Below are the records; copy out every line that holds the word "image".

(Stored items from a collection)
-- Opening Marker --

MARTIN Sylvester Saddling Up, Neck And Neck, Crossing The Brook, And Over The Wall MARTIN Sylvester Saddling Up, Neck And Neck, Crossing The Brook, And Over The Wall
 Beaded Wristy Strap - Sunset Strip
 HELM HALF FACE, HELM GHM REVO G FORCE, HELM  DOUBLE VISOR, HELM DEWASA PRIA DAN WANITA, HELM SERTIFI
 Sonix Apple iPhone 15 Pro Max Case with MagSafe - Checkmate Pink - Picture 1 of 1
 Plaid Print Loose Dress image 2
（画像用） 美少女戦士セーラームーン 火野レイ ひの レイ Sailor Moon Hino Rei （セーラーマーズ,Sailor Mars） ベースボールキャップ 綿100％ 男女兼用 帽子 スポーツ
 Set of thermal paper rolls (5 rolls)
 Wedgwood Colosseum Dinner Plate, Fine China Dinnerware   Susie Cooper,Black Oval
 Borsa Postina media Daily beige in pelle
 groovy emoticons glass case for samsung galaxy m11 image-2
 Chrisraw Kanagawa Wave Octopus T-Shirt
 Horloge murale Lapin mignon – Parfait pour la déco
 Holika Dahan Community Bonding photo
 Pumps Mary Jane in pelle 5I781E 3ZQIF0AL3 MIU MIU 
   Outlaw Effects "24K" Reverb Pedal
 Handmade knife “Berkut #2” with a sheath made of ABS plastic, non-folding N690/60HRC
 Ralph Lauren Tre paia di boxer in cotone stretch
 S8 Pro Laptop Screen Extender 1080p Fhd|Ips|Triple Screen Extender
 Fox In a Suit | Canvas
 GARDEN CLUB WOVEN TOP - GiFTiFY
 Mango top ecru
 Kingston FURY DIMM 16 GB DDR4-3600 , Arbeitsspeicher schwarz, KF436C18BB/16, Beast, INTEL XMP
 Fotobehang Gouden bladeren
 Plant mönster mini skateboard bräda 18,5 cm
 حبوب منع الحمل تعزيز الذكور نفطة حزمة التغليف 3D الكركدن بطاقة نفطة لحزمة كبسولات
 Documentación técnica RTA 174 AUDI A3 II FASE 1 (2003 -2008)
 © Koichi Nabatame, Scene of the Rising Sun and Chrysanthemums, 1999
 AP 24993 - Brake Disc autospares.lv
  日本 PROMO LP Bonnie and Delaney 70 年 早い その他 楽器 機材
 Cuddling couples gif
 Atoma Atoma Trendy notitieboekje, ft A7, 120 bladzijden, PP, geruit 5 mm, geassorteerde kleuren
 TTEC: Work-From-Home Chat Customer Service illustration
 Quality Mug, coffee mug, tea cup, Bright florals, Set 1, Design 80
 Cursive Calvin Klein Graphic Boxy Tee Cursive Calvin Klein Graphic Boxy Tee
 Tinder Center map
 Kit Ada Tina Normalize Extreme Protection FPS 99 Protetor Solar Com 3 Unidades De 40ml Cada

-- Closing Marker --

- _Reply to the exercise_
 Plaid Print Loose Dress image 2
 groovy emoticons glass case for samsung galaxy m11 image-2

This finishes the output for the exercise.